The ill governance of rural development has caused “underdevelopment.” The Local Government Code empowering barangays and local governments is good. But it has discouraged private investors by their onerous taxing and rent-seeking. It has caused organizational disjoints in agriculture extension systems, making the country’s agriculture productivity among the lowest in the ASEAN.

Within regulatory bodies, the agencies are loaded with legal professionals, and fewer economists and management experts, leading to decisions of inadequate economic-impact analysis. Examples were the MWSS reversal on water rates, and the endless investigations on NAIA Terminal 3. The academic experts speak about “elite capture” among some agencies. Elite capture means strong influence of select groups in policy-making for economic gains.

The Philippine bureaucracy is riddled with political appointments and never-ending changes in management styles and emphases. Career paths are limited and thus discourage new blood. Promotions to director and higher levels often need padrinos. In the end, it is the people that suffers in slow decision-making and, for some, misguided decisions. Equally important is professionalizing the local government bureaucracy which is often ignored and treated trivially. As one senior official opined, the national bureaucracy is useless without competent local counterparts.

On the other hand, there appears to be little resonance on the need for responsive management structure. Look at the Department of Agriculture (DA). For many years, experts have called for a separate Department of Fisheries to focus on the two million square kilometers of waters as compared to 300,000 square kilometers of land. A separate department would fast-track the development of the sector and reduce the poverty of some 1.5 million small fisherfolk.
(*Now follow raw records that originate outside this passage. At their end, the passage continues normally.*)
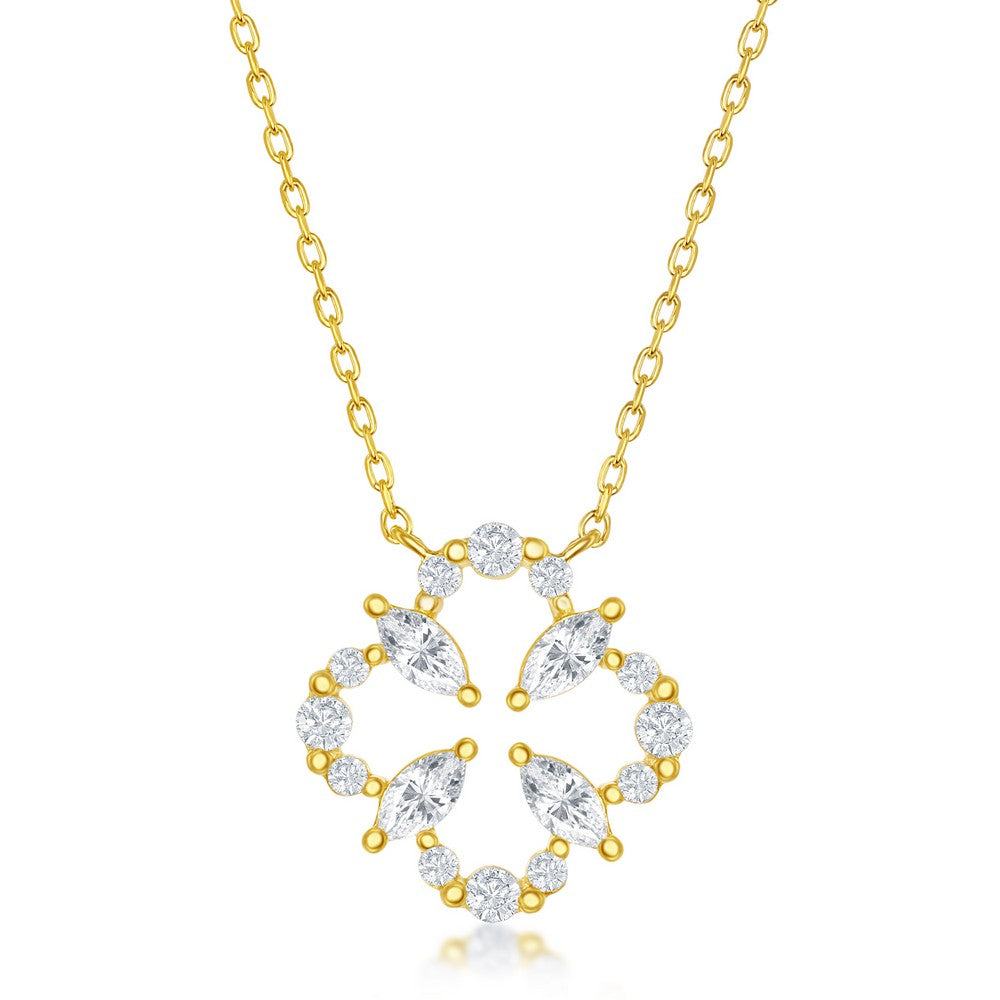 Sterling Silver Flower Design CZ Necklace - Gold Plated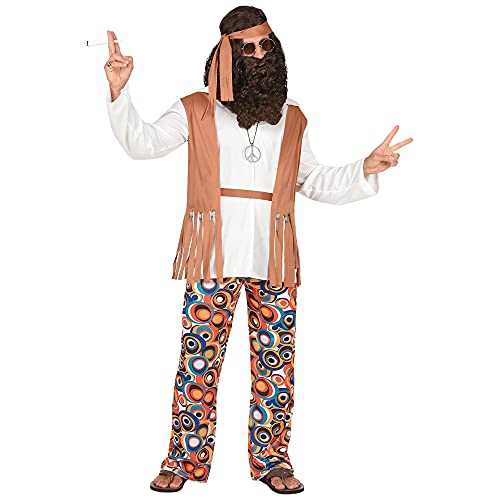 WIDMANN Disfraz de hippie para adultos, multicolor, extra-large (02594)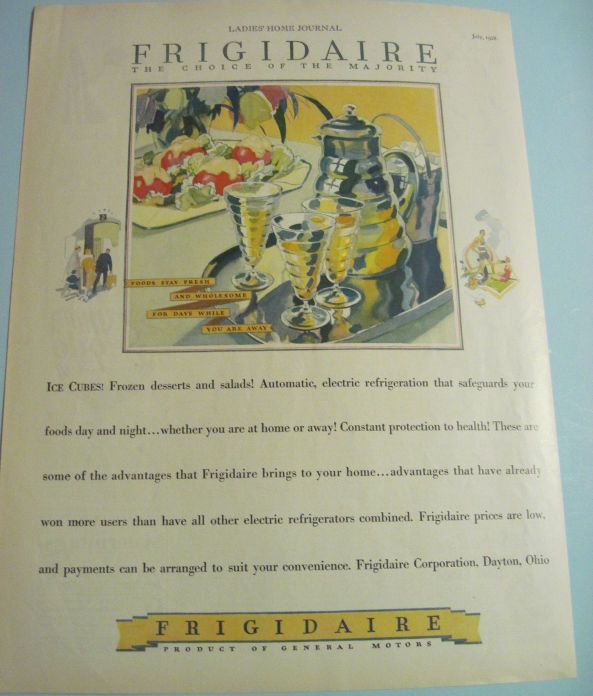 1928 Vintage FRIGIDAIRE Refrigerator Illustrated 20s Ad  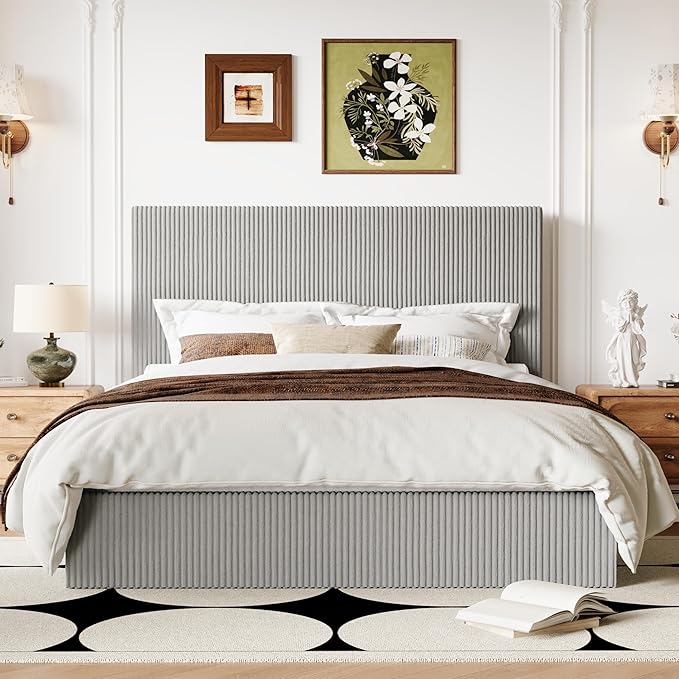 Allewie Queen Bed Frame, Adjustable Corduroy Headboard, Platform, Grey | Adjustable Headboard, Corduroy Fabric, Low Profile, Wooden Slats, 900 lb Capacity, No Box Spring Needed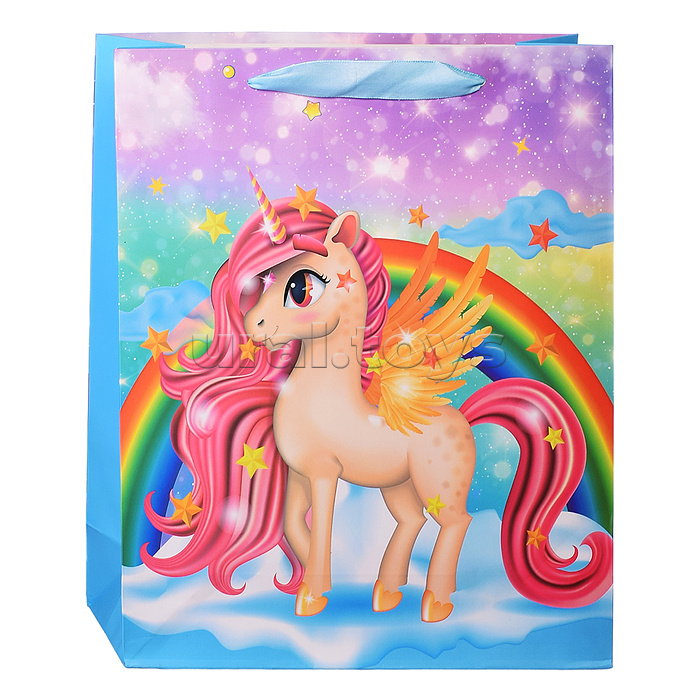Пакет подарочный "Окрыленный единорог" 26х32х10 см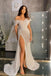 Gorgeous Ivory One Shoulder Mermaid Long Prom Dresses to Impress with Slit,WGP1358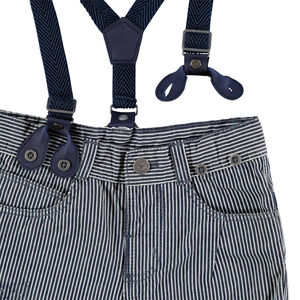 Βερμούδα με κάθετες ρίγες και ρυθμιζόμενες τιράντες 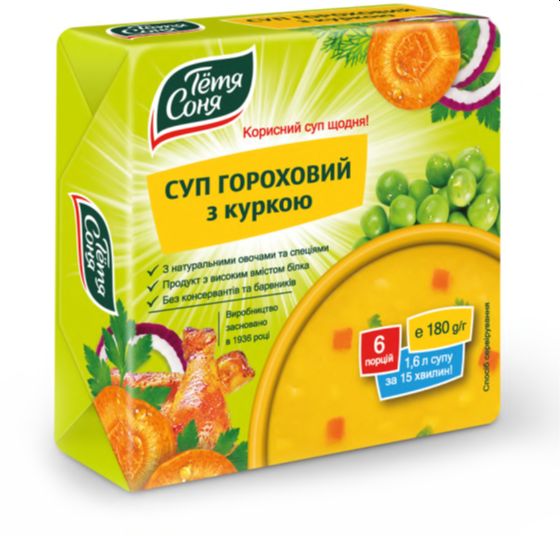 Суп ТМ Тьотя Соня гороховий з куркою брикет 180 г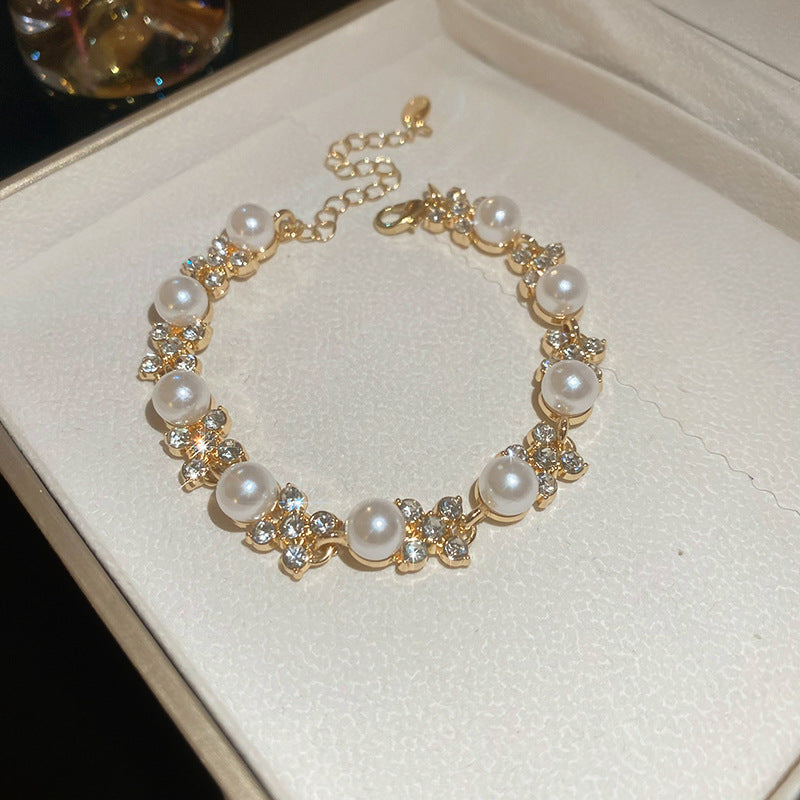 Gold Plated Alloy Pearl Rhinestone Jewelry Set, French Floral Crystal Round Pearl Necklace Bracelet Drop Earrings Matching Set For Women Wedding Party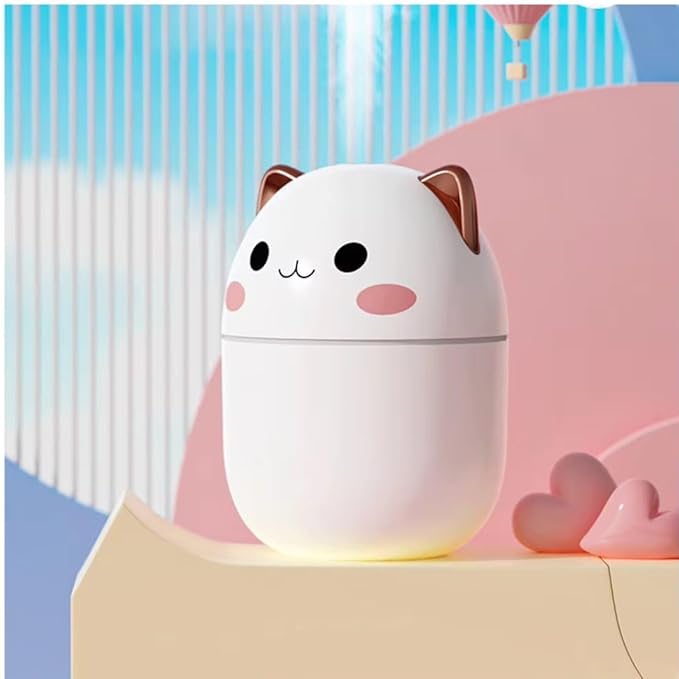 Umidificador de Ar Gatinho Difusor Aromatizador USB Portátil com 7 Luzes LED Co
The usual reply: no need to create another organization.

Recently, when Secretary Francis Pangilinan was appointed to manage three large organizations — the National Food Authority, the National Irrigation Administration, and the Philippine Coconut Authority — the media opined that it is splitting the DA.
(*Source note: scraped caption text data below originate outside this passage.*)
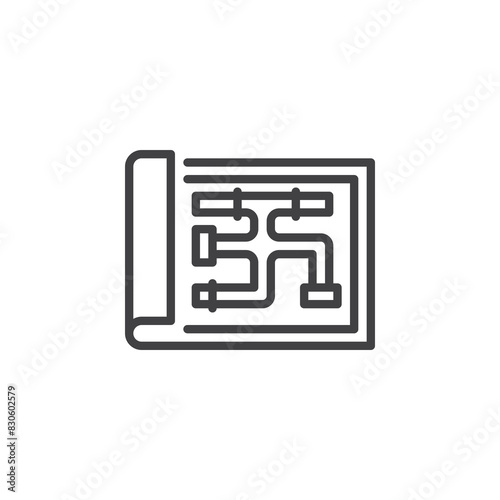 Piping Layout line icon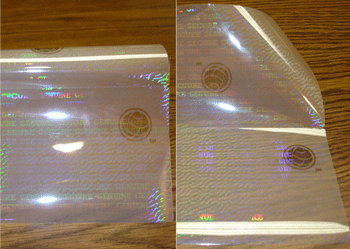 Hologram Pouch die cut from 'Genuine⁄Secure' Film.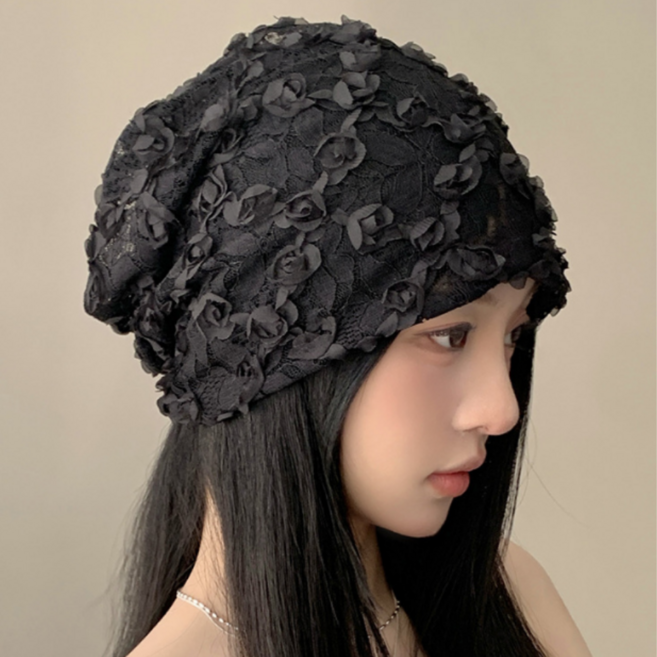 이엠 h34 플라워 레이스 두건 여름 비니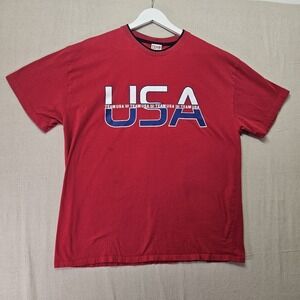 Team‎ USA Olympics Vintage Men's Large Red Graphic Print T Shirt By XP Apparel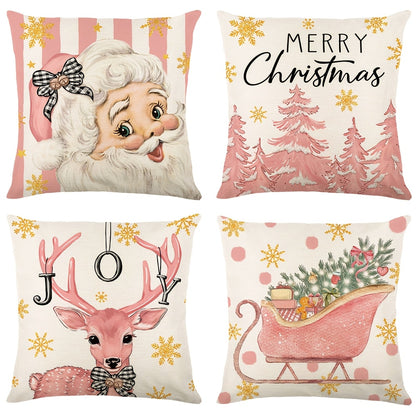 4 Pcs/set Christams Throw Pillow Cover With Four Design: Plaid Trees, Bows, And Messages Like Merry & Bright, Let It Snow; Red Black & White Tones Creates Cozy Holiday Feel, Home Decor, 17.7*17.7inch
In Indonesia and Chile, there are separate Ministries of Fisheries to manage their large bodies of waters. In Malaysia, there are a Ministry of Agriculture and Agro-based Industry, a Ministry of Plantation Industries and Commodities, and a Ministry of Rural and Regional Development, with the latter overseeing the Rubber Industry Smallholder Development Authority and the Federal Land Consolidation and Rehabilitation Authority.

We have to get real.

The conversion of the Philippine Coconut Authority to a separate department for coconut and other tree crops (coffee, cacao, rubber, oil palm) is worth considering. The DA can concentrate on rice, corn and short-term crops. Another department can cover fisheries and aquaculture. At the very least, a Department of Fisheries would be needed to move out of the current maze.
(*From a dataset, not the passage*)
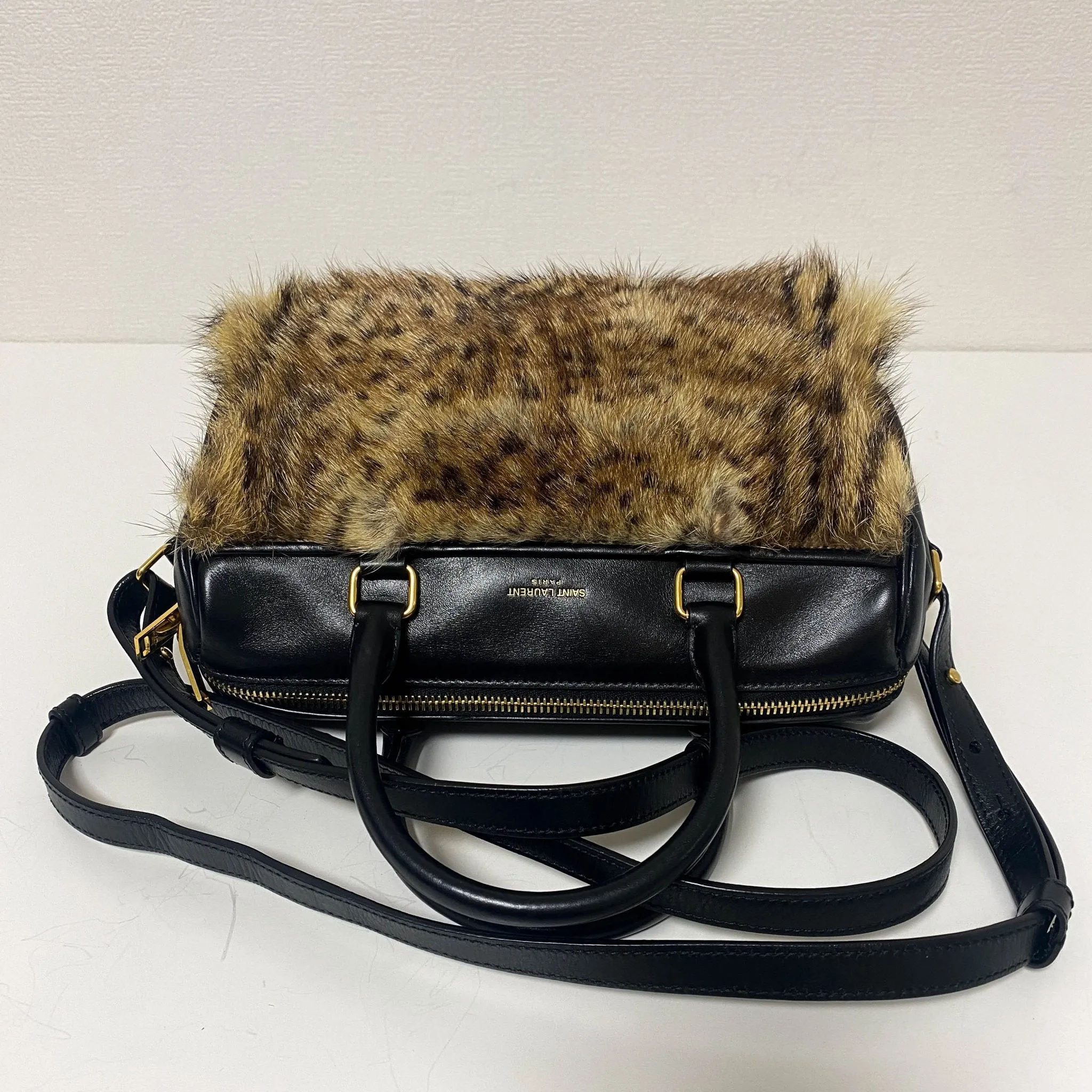 Classic Baby Duffle Bag Leather with Fur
Management experts must be deployed to determine the manageable sizes of departments. Certainly, the DA is just too big for its multiple development missions.

Why are countries more developed than others? Look at their institutions. Look at how they develop their long-term visions, strategy and key result areas. Look at how they professionalize their organizations. Look at their sound project selection criteria. Look at their practice of consulting foreign and local experts in strategic analytics and policies.

Institutions are important. Institutions drive development. They are critical for growth and equity and, to use the current buzz word, for inclusive growth.

Rolando T. Dy is the chair of the MAP Agribusiness and Countryside Development Committee, and the executive director of the Center for Food and AgriBusiness of the University of Asia & he Pacific.